Jana Oliver (JO): It puts a 17-year-old young lady, Riley Blackthorne, in the middle of the grand battle between heaven and hell. I’ve always wanted to look at that chess game. It’s like the CIA and the KGB during the Cold War. One makes a move and the other makes a countermove.
DD: For those who haven’t read the series, what’s the story arc to date?
JO: In the first book, The Demon Trapper’s Daughter, Riley’s father dies early, leaving her an orphan and increasing the pressures in her life. She now has to make a living, to prove that, as a girl, she can do as good a job as the guys in the Guild. Some of the guys don’t feel a girl should be in the dangerous profession. They’re protective. Some think she can’t handle the job, while others feel this is just not a job for a female.
In the second book, Soul Thief, Riley has come under the scrutiny of some of the denizens of hell. They’d like to claim her soul, so she’s really between heaven and hell.
The battle between heaven and hell finally comes to Atlanta in the third book, Forgiven, with Riley the person who has to prevent Armageddon. As if that weren’t enough, her dad has been reanimated by a necromancer, and she’s trying to get him back in his grave.

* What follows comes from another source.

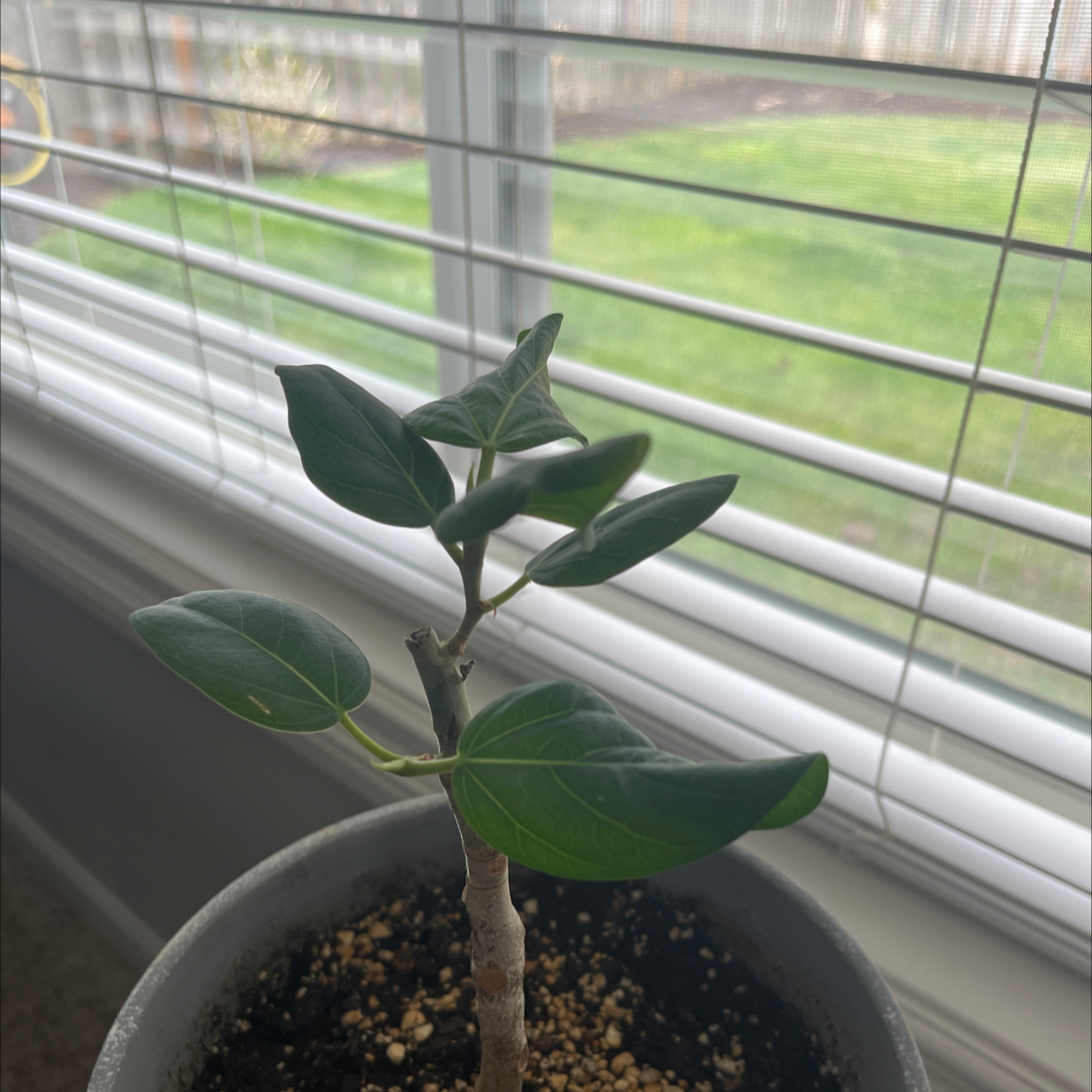 Young Audrey Ficus plant in a pot near a window with blinds.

The last book, Foretold, will be a December 2012 release, so I’d rather not go into what that’s about just now.
DD: You wrote another series before this one, didn’t you?
JO: Yes, the Time Rovers. They were Victorian urban fantasy. I put a time traveler in Victorian England with the Ripper murders as a backdrop.
I also got to work with a new type of shapeshifter. My Transitives don’t shift but can make people perceive them as whatever the Transitives wish. You never knew who you were looking at. This added a new level of uncertainty for the heroine because she never knows who she’s talking to.
DD: You’ve won a lot of awards for your two series, haven’t you?
JO: The Time Rovers won 12 awards, including the Prism Award for Time Travel and the Daphne du Maurier for Mystery/Suspense. The Demon Trapper’s Daughter won the Prism for Young Adult.
DD: How many years have you been coming to Dragon*Con?
JO: This is my 11th year, and it’s always great.
DD: What advice would you have for aspiring writers?
JO: I like the phrase “committed persistence.” Just refuse to give up. Keep practicing every day. If it takes you five years or 10 years or 20 years, you should continue writing every day. If this business is in your gut and you have to keep writing, you’ll eventually succeed.